Future Work
The two biggest limitations of FD are no support for conditionals involving FD variables and code size that scales with number of operations.
The first can be dealt with by modifying make_function
. The new generated code would have three distinct steps:
- Evaluate conditionals that involve FD variables and generate a bit vector of the boolean values.
- Index into a dictionary with the bit vector to see if this combination of conditionals has been seen before. If it has use the previously generated executable.
- If necessary generate a new executable where the conditional values are all known. Generate the new expression graph and compute and complile the derivative code and cache it.
The size of the dictionary can be allowed to grow arbitrarily or an LRU type scheme can be used to discard the least recently used executable from the cahce.
If the set of conditials has good temporal locality then it shouldn't be necessary to recompile very often. The amortized cost should be good.
When expression graphs get larger than about 10^5 nodes LLVM compilation time rises rapidly and can be extremely long. Large programs cannot fit in the smallest and fastest caches, so performance will be limited by cache memory bandwidth, because each instruction is executed only once. In the worst case the runtime generated function wouldn't even fit in the L3 cache and performance would be limited by main memory bandwidth.
A method for dealing with excessive code size is loop rerolling. FD essentially unrolls all loops so vector operations become scalar operations. It should be possible to recognize certain common patterns of unrolling and to undo them.

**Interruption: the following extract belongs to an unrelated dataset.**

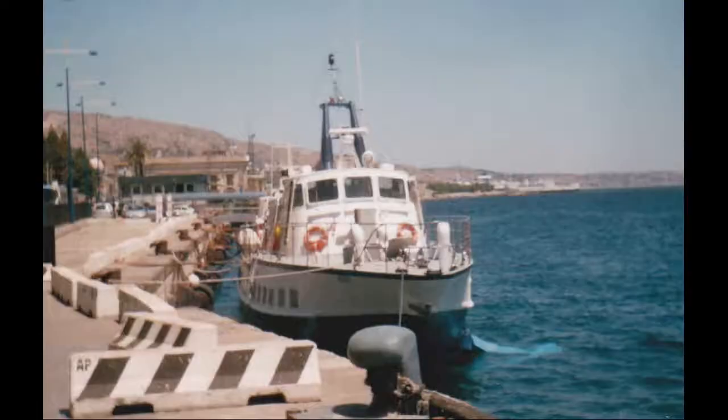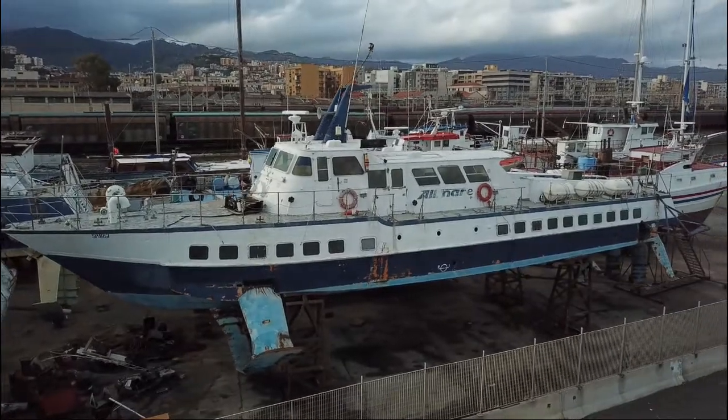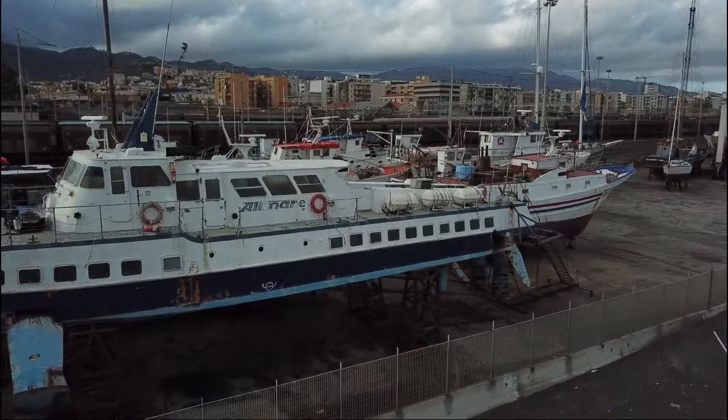In 1992 Curl Curl returned to Naples in Italy, was renamed Spargi, and began a new life in the Mediterranean. Curl Curl has not been operational since 2005, but she remains in amazing condition, sitting in dry dock in Messina awaiting restoration. Curl Curl is the last surviving member of the hydrofoil fleet that ran on Sydney Harbour.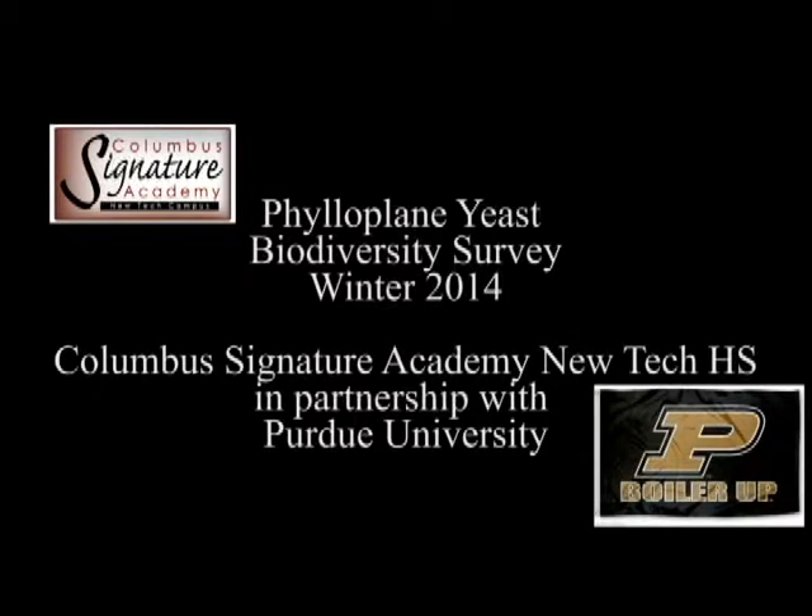Mr. Larson told us that we were going to be doing a DNA analysis on yeast that we found on evergreen trees. I wasn't super excited, but the project actually turned out to be a lot of fun and I see a lot of real-world applications. I was actually really impressed by the outcome — we were able to find a species that's never been discovered in North America before.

Undoing the unrolling all the way back to the original source expression isn't necessary so long as the code size can be substantially reduced.
The most common pattern that causes code expansion is tensor contraction, which occurs in matrix-vector and matrix-matrix operations. These patterns are simple and should be easily recognized and rerolled. The original expression graph can be annotated with metadata that makes rerolling easier. For example:
julia> A = make_variables(:a,2,2)
2×2 Matrix{FastDifferentiation.Node}:
a1_1 a1_2
a2_1 a2_2
julia> b = make_variables(:b,2)
2-element Vector{FastDifferentiation.Node}:
b1
b2
julia> jacobian(cos.(A*b),vcat(vec(A),b))
2×6 Matrix{FastDifferentiation.Node}:
(-(sin(((a1_1 * b1) + (a1_2 * b2)))) * b1) 0.0 … (-(sin(((a1_1 * b1) + (a1_2 * b2)))) * a1_2)
0.0 (-(sin(((a2_1 * b1) + (a2_2 * b2)))) * b1) (-(sin(((a2_1 * b1) + (a2_2 * b2)))) * a2_2)
julia> A
2×2 Matrix{FastDifferentiation.Node}:
a1_1 a1_2
a2_1 a2_2
julia> b
2-element Vector{FastDifferentiation.Node}:
b1
b2
julia> A*b
2-element Vector{Any}:
((a1_1 * b1) + (a1_2 * b2))
((a2_1 * b1) + (a2_2 * b2))
julia> cos.(A*b)
2-element Vector{FastDifferentiation.Node{typeof(cos), 1}}:
cos(((a1_1 * b1) + (a1_2 * b2)))
cos(((a2_1 * b1) + (a2_2 * b2)))
julia> jacobian(ans,vcat(vec(A),b))
2×6 Matrix{FastDifferentiation.Node}:
(-(sin(((a1_1 * b1) + (a1_2 * b2)))) * b1) 0.0 … (-(sin(((a1_1 * b1) + (a1_2 * b2)))) * a1_2)
0.0 (-(sin(((a2_1 * b1) + (a2_2 * b2)))) * b1) (-(sin(((a2_1 * b1) + (a2_2 * b2)))) * a2_2)
Because the variable indices are carried in the variable names it should be relatively easy to spot tensor contraction sequences like this (a1_1 * b1) + (a1_2 * b2))
and replace them with a tensor contraction operator on matrix elements.
Another possibility is to use DynamicExpressions.jl instead of LLVM compilation of large runtime generated programs. When graph size goes above 10^5 nodes LLVM compilation time can increase dramatically, but DynamicExpressions can be quite fast at even larger scales and have reasonable performance. This would be especially useful when the function is changing frequently so compilation overhead cannot be amortized across many derivative evaluations.
Some hybrid of loop rerolling and DynamicExpressions may make it possible to scale FD to expressions several orders of magnitude larger than the current practical limit.
In the short term reducing memory allocations during the derivative computation stage should substantially improve performance.